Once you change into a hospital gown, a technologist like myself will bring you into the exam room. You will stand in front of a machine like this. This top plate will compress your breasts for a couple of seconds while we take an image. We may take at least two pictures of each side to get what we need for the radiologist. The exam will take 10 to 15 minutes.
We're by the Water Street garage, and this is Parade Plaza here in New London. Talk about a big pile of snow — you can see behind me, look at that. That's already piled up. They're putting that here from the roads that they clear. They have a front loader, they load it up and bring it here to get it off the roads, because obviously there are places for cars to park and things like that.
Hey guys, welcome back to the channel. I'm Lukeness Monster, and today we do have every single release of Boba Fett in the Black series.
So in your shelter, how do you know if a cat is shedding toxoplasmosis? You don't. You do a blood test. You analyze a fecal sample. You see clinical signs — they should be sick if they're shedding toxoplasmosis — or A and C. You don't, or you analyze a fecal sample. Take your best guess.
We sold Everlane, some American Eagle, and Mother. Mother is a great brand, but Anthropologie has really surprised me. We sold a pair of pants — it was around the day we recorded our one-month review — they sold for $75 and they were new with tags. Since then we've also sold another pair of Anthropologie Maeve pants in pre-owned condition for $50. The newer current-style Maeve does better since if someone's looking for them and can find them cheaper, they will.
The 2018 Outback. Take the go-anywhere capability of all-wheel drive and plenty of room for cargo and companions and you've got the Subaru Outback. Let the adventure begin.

● ● ● ●

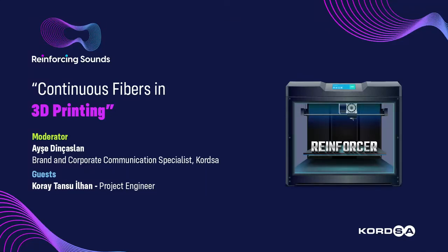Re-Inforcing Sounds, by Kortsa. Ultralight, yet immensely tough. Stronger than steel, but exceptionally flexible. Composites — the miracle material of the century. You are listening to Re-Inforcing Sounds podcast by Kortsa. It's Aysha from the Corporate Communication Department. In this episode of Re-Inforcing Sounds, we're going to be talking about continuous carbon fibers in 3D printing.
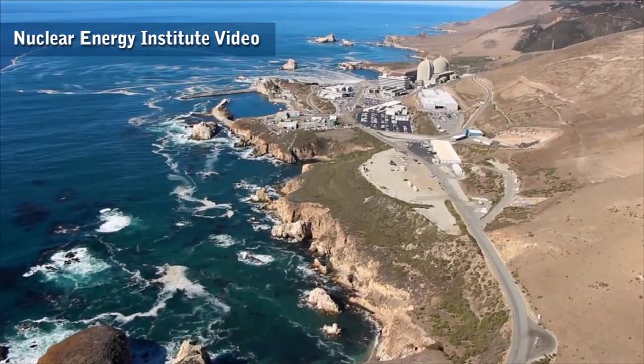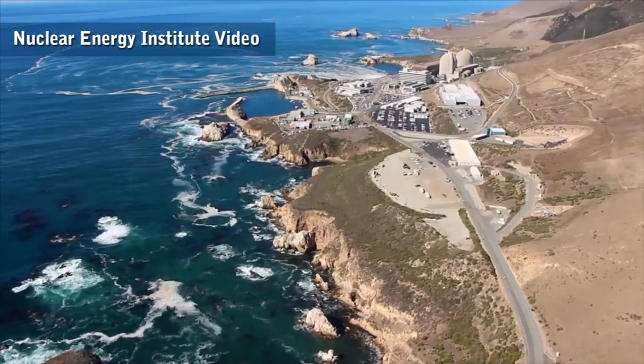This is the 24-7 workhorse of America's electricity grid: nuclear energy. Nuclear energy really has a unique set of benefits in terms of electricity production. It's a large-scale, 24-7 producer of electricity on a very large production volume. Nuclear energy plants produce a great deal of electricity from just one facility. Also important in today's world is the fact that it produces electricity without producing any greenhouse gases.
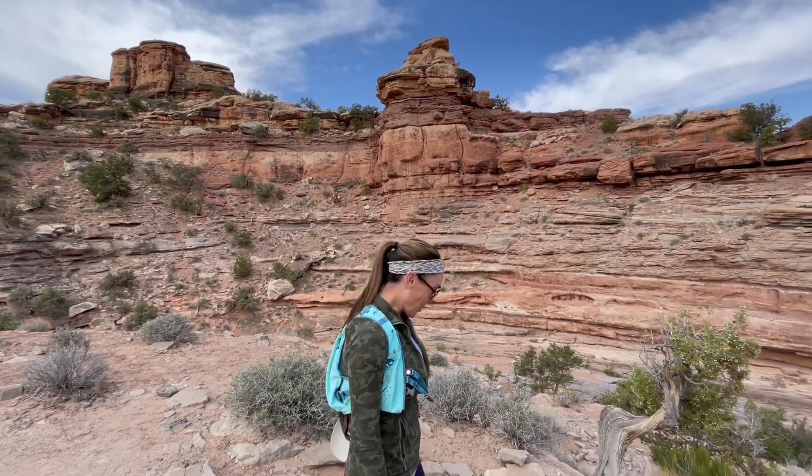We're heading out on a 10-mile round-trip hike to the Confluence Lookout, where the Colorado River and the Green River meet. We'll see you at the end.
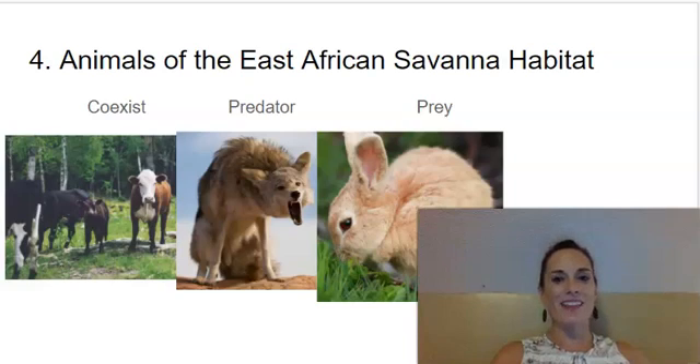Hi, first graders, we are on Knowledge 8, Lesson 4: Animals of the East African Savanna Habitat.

● ● ● ●

Report each line of the data that includes the string "front".

Once you change into a hospital gown, a technologist like myself will bring you into the exam room. You will stand in front of a machine like this. This top plate will compress your breasts for a couple of seconds while we take an image. We may take at least two pictures of each side to get what we need for the radiologist. The exam will take 10 to 15 minutes.
We're by the Water Street garage, and this is Parade Plaza here in New London. Talk about a big pile of snow — you can see behind me, look at that. That's already piled up. They're putting that here from the roads that they clear. They have a front loader, they load it up and bring it here to get it off the roads, because obviously there are places for cars to park and things like that.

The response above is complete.